Entries taken from a collection
+---+
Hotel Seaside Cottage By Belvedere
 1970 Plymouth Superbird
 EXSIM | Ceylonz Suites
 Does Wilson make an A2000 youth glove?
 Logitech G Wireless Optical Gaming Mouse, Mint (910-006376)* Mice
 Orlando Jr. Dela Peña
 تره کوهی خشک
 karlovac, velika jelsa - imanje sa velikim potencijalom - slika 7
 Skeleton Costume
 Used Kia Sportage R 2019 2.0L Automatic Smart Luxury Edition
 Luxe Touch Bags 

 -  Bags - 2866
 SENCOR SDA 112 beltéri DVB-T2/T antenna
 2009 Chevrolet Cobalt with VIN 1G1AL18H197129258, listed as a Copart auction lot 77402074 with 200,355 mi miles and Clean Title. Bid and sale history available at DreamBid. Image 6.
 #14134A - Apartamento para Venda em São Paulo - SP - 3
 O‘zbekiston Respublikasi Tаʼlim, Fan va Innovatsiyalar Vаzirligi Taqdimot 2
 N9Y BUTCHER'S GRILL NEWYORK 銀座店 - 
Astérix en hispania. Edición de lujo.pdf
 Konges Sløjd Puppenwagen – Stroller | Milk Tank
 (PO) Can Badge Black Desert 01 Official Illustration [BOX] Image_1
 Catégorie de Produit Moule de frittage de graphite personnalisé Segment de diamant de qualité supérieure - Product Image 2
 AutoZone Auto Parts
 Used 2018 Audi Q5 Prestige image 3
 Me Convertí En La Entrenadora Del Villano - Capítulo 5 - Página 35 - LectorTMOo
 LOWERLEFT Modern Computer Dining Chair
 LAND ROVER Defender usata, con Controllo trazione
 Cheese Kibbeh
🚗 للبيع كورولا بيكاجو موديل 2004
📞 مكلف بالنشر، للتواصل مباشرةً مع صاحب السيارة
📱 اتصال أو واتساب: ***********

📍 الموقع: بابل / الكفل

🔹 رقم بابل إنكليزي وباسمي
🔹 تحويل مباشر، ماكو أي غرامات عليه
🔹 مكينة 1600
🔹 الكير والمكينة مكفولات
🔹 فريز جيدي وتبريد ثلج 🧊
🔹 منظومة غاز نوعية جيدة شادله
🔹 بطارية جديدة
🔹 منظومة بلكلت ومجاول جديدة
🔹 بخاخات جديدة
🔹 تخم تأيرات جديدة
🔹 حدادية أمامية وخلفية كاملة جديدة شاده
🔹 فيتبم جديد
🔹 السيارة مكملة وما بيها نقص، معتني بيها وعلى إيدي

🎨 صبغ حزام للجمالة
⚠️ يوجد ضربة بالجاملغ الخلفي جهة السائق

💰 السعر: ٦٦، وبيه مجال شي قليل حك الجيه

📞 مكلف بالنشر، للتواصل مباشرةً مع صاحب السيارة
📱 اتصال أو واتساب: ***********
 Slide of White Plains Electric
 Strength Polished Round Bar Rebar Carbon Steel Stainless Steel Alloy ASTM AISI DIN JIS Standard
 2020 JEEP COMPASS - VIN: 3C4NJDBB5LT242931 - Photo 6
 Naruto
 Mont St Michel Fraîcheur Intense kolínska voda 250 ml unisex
+---+
Copy all lines from the data that hold the word "Used".

 Used Kia Sportage R 2019 2.0L Automatic Smart Luxury Edition
 Used 2018 Audi Q5 Prestige image 3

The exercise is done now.